Provided information
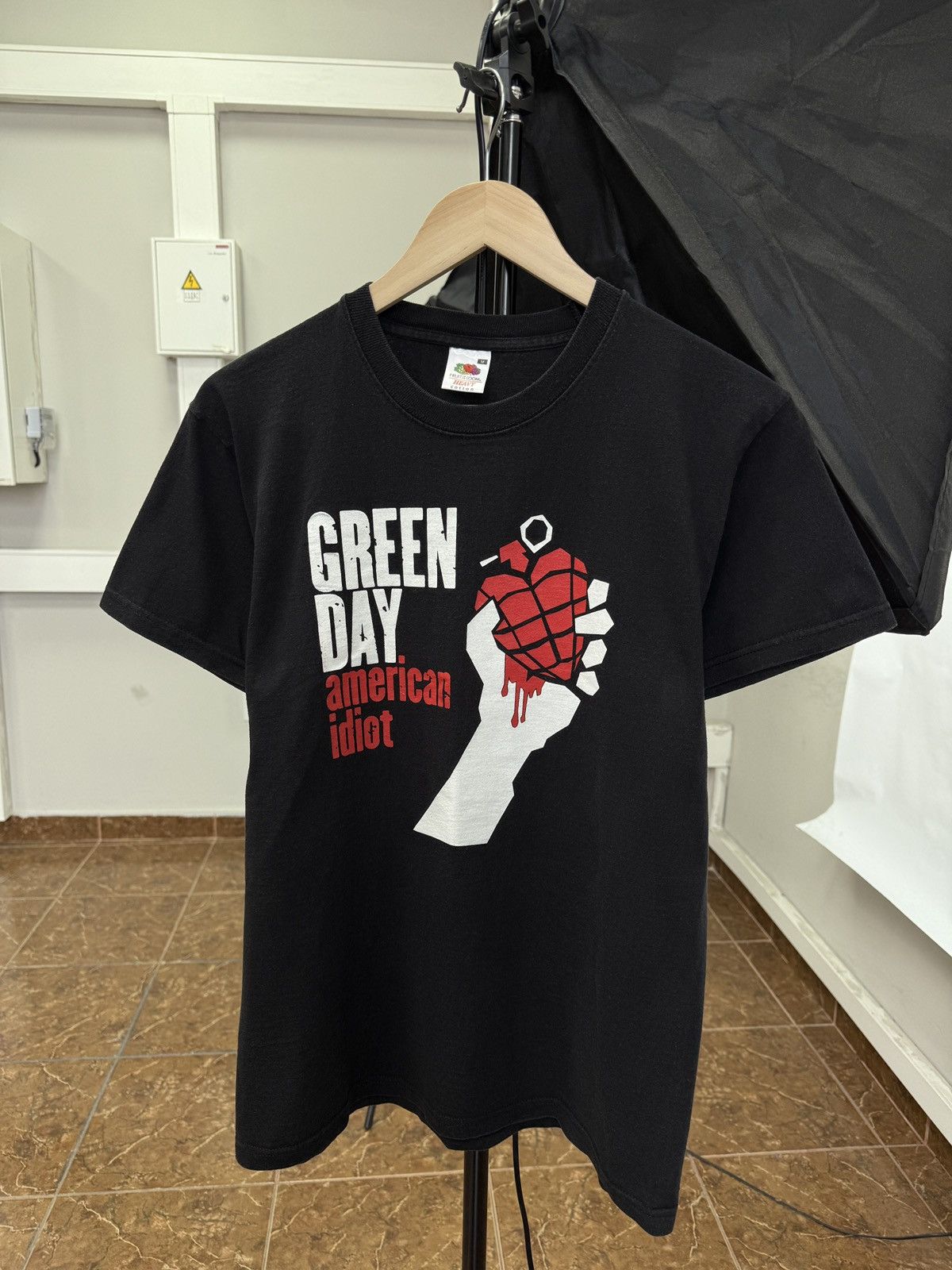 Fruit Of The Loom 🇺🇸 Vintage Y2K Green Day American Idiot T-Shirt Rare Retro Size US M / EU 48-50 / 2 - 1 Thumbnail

---

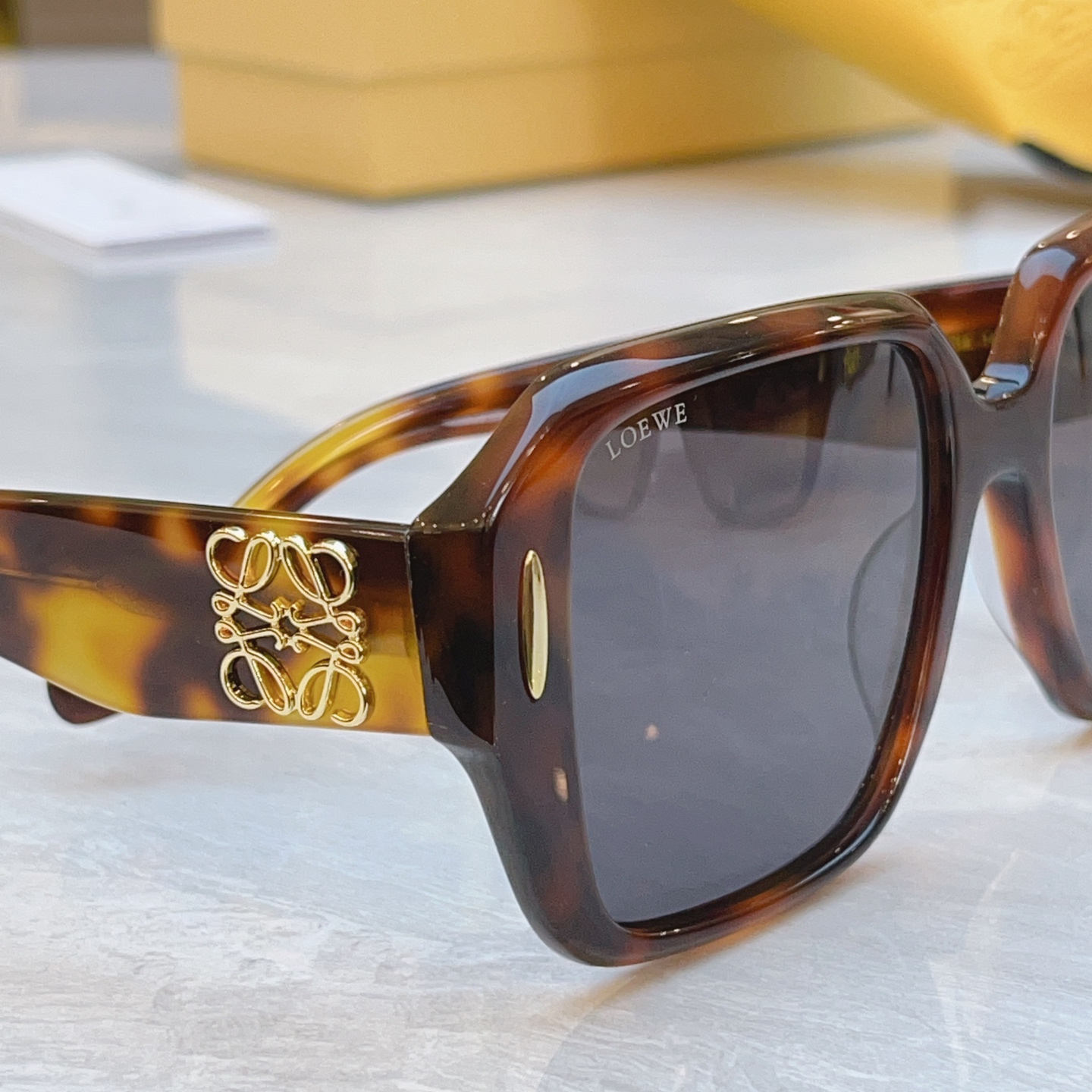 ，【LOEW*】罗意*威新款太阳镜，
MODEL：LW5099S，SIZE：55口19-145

--

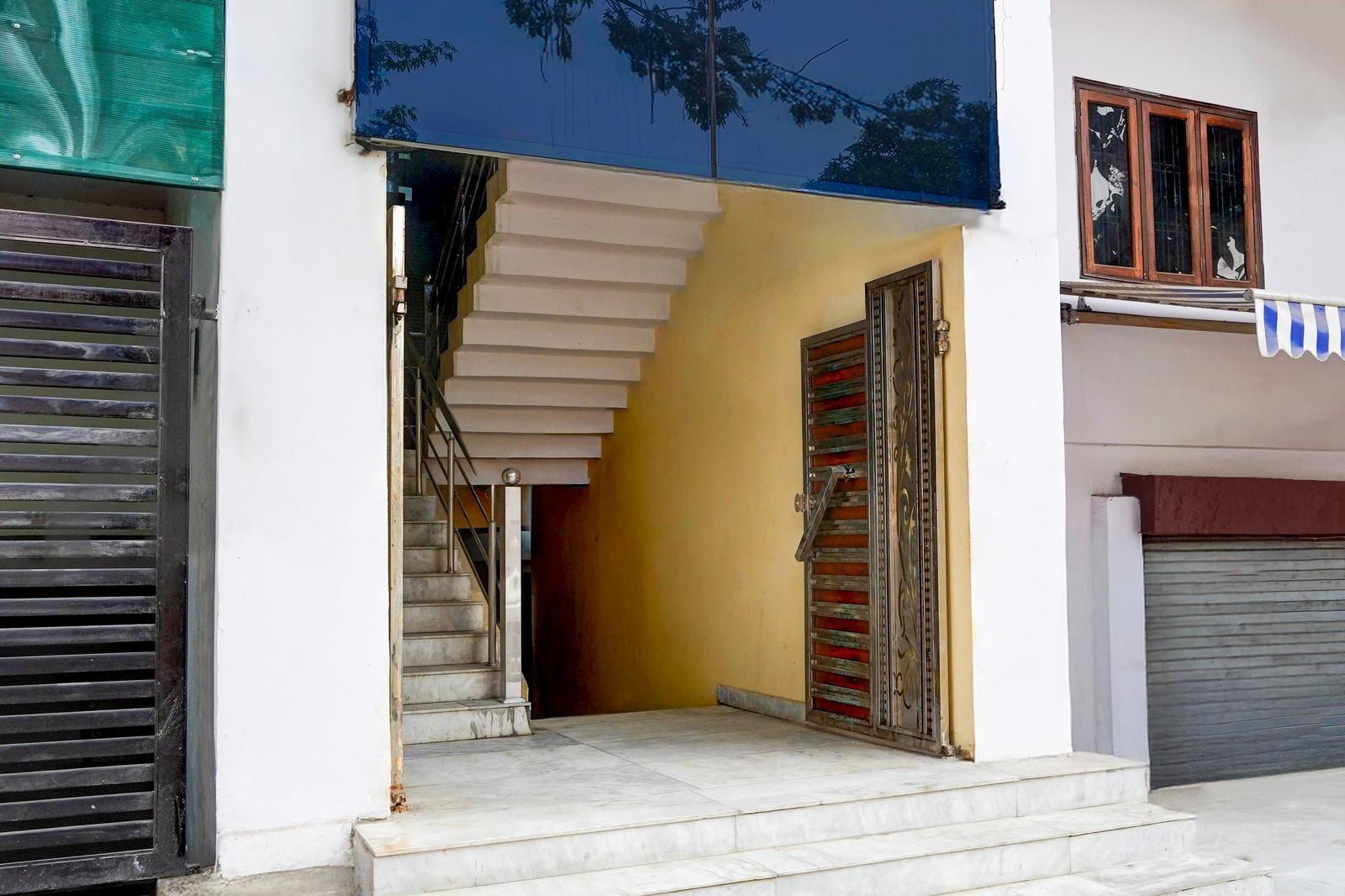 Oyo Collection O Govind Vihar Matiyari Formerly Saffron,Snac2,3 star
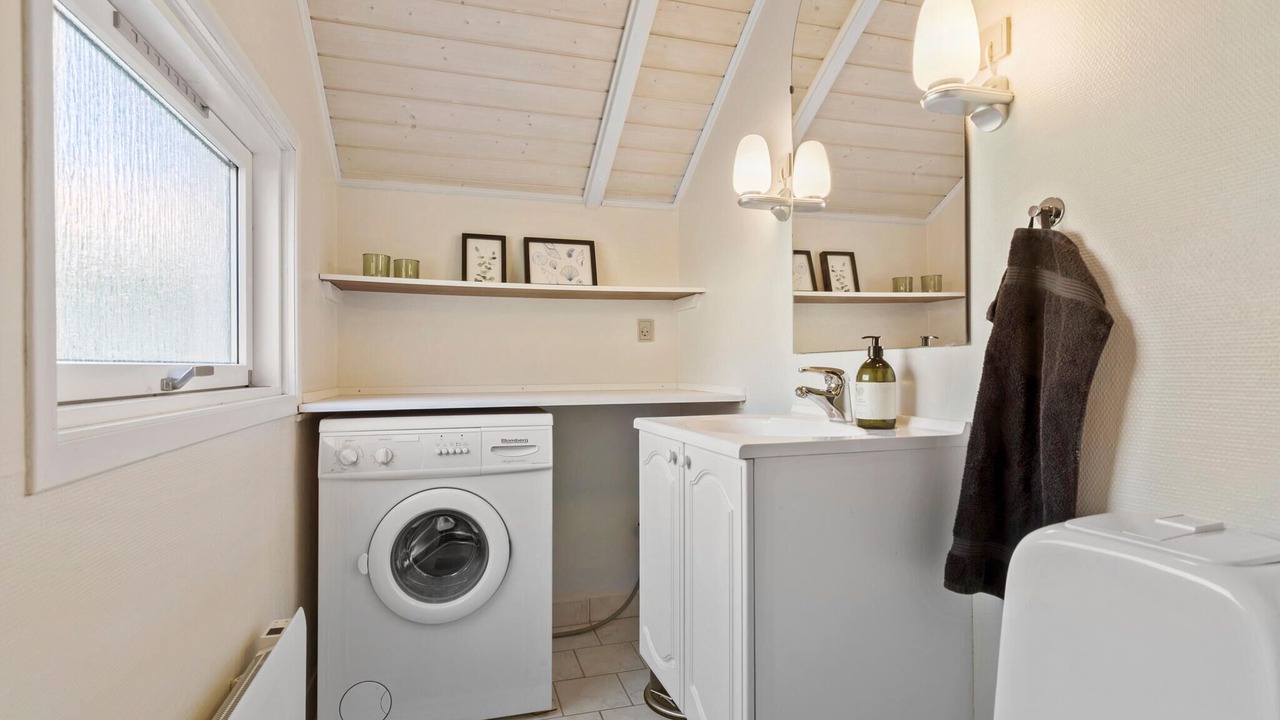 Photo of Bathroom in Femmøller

Prompt
In the material above, the stretch from the line with "Oyo Collection O" through the line with "Photo of Bathroom in Femmøller" is to be given again exactly, minus the pictures.

Reply to the exercise
 Oyo Collection O Govind Vihar Matiyari Formerly Saffron,Snac2,3 star
 Photo of Bathroom in Femmøller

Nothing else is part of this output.